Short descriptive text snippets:
━━━━━━━━

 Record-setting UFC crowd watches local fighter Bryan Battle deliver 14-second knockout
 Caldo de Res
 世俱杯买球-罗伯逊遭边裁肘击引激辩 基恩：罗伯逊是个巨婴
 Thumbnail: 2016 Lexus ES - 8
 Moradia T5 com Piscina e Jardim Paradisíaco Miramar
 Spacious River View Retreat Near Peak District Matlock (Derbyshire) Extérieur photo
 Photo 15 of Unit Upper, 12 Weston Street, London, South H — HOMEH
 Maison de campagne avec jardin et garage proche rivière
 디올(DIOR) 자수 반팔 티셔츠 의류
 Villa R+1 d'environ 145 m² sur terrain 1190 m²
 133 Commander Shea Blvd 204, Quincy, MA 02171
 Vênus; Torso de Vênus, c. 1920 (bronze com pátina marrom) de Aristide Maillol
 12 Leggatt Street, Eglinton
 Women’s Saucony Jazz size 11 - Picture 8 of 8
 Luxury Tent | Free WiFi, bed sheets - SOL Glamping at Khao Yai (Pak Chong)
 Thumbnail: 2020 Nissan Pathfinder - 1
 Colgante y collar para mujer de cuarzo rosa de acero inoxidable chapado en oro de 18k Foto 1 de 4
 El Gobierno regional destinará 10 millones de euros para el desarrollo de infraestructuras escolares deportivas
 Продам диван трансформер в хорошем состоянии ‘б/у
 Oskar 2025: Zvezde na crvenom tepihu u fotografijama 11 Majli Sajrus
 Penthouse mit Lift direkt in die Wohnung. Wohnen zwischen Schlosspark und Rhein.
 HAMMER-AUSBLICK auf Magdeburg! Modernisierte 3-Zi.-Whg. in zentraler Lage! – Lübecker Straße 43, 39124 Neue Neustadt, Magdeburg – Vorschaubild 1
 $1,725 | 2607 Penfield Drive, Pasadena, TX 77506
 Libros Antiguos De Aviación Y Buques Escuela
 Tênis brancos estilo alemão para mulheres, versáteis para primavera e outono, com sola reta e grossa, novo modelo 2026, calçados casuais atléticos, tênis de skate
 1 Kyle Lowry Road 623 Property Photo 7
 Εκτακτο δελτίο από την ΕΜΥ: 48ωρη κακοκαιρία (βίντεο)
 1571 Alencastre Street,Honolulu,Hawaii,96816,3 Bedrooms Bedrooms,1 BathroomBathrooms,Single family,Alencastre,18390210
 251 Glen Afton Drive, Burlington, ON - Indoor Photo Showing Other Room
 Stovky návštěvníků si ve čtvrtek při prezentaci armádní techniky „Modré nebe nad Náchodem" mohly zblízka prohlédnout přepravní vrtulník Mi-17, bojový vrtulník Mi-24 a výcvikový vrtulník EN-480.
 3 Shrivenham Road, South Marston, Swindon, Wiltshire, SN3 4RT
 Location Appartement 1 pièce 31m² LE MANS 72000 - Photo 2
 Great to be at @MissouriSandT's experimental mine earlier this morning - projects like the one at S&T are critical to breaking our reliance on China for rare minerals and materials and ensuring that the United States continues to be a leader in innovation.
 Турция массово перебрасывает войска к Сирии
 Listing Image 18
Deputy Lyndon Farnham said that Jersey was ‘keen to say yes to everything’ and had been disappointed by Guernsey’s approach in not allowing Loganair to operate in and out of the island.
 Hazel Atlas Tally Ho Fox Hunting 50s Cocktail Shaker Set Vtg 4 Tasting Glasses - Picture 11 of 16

━━━━━━━━

* [The problem]:
Type the records again in full, matching them exactly.

* [Reply to the task]:
 Record-setting UFC crowd watches local fighter Bryan Battle deliver 14-second knockout
 Caldo de Res
 世俱杯买球-罗伯逊遭边裁肘击引激辩 基恩：罗伯逊是个巨婴
 Thumbnail: 2016 Lexus ES - 8
 Moradia T5 com Piscina e Jardim Paradisíaco Miramar
 Spacious River View Retreat Near Peak District Matlock (Derbyshire) Extérieur photo
 Photo 15 of Unit Upper, 12 Weston Street, London, South H — HOMEH
 Maison de campagne avec jardin et garage proche rivière
 디올(DIOR) 자수 반팔 티셔츠 의류
 Villa R+1 d'environ 145 m² sur terrain 1190 m²
 133 Commander Shea Blvd 204, Quincy, MA 02171
 Vênus; Torso de Vênus, c. 1920 (bronze com pátina marrom) de Aristide Maillol
 12 Leggatt Street, Eglinton
 Women’s Saucony Jazz size 11 - Picture 8 of 8
 Luxury Tent | Free WiFi, bed sheets - SOL Glamping at Khao Yai (Pak Chong)
 Thumbnail: 2020 Nissan Pathfinder - 1
 Colgante y collar para mujer de cuarzo rosa de acero inoxidable chapado en oro de 18k Foto 1 de 4
 El Gobierno regional destinará 10 millones de euros para el desarrollo de infraestructuras escolares deportivas
 Продам диван трансформер в хорошем состоянии ‘б/у
 Oskar 2025: Zvezde na crvenom tepihu u fotografijama 11 Majli Sajrus
 Penthouse mit Lift direkt in die Wohnung. Wohnen zwischen Schlosspark und Rhein.
 HAMMER-AUSBLICK auf Magdeburg! Modernisierte 3-Zi.-Whg. in zentraler Lage! – Lübecker Straße 43, 39124 Neue Neustadt, Magdeburg – Vorschaubild 1
 $1,725 | 2607 Penfield Drive, Pasadena, TX 77506
 Libros Antiguos De Aviación Y Buques Escuela
 Tênis brancos estilo alemão para mulheres, versáteis para primavera e outono, com sola reta e grossa, novo modelo 2026, calçados casuais atléticos, tênis de skate
 1 Kyle Lowry Road 623 Property Photo 7
 Εκτακτο δελτίο από την ΕΜΥ: 48ωρη κακοκαιρία (βίντεο)
 1571 Alencastre Street,Honolulu,Hawaii,96816,3 Bedrooms Bedrooms,1 BathroomBathrooms,Single family,Alencastre,18390210
 251 Glen Afton Drive, Burlington, ON - Indoor Photo Showing Other Room
 Stovky návštěvníků si ve čtvrtek při prezentaci armádní techniky „Modré nebe nad Náchodem" mohly zblízka prohlédnout přepravní vrtulník Mi-17, bojový vrtulník Mi-24 a výcvikový vrtulník EN-480.
 3 Shrivenham Road, South Marston, Swindon, Wiltshire, SN3 4RT
 Location Appartement 1 pièce 31m² LE MANS 72000 - Photo 2
 Great to be at @MissouriSandT's experimental mine earlier this morning - projects like the one at S&T are critical to breaking our reliance on China for rare minerals and materials and ensuring that the United States continues to be a leader in innovation.
 Турция массово перебрасывает войска к Сирии
 Listing Image 18
Deputy Lyndon Farnham said that Jersey was ‘keen to say yes to everything’ and had been disappointed by Guernsey’s approach in not allowing Loganair to operate in and out of the island.
 Hazel Atlas Tally Ho Fox Hunting 50s Cocktail Shaker Set Vtg 4 Tasting Glasses - Picture 11 of 16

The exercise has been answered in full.